## Description of the task:
Below are records; reproduce exactly the lines from the one containing "ROMWE Asymmetrical Plaid" through the end, both included, and only those.

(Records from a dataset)
——

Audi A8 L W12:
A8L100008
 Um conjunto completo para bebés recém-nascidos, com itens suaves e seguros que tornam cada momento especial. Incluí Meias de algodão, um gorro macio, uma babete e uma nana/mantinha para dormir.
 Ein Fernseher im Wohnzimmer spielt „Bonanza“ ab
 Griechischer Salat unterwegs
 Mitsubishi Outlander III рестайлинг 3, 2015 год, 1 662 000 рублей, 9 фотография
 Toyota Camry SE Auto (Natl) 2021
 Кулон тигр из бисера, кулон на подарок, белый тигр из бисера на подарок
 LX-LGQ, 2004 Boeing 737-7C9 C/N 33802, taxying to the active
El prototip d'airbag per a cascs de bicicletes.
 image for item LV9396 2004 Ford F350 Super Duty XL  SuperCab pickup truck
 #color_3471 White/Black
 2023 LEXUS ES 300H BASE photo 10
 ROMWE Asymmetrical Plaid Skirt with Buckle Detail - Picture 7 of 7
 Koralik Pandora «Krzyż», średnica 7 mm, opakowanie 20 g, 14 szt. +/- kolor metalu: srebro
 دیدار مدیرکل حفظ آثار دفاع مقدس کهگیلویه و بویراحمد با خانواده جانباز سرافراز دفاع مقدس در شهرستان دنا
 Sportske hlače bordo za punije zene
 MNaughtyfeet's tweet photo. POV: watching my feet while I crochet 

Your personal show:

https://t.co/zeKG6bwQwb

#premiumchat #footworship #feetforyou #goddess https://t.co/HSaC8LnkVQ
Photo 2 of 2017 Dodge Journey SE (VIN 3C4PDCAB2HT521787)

——

## Written reply:
 ROMWE Asymmetrical Plaid Skirt with Buckle Detail - Picture 7 of 7
 Koralik Pandora «Krzyż», średnica 7 mm, opakowanie 20 g, 14 szt. +/- kolor metalu: srebro
 دیدار مدیرکل حفظ آثار دفاع مقدس کهگیلویه و بویراحمد با خانواده جانباز سرافراز دفاع مقدس در شهرستان دنا
 Sportske hlače bordo za punije zene
 MNaughtyfeet's tweet photo. POV: watching my feet while I crochet 

Your personal show:

https://t.co/zeKG6bwQwb

#premiumchat #footworship #feetforyou #goddess https://t.co/HSaC8LnkVQ
Photo 2 of 2017 Dodge Journey SE (VIN 3C4PDCAB2HT521787)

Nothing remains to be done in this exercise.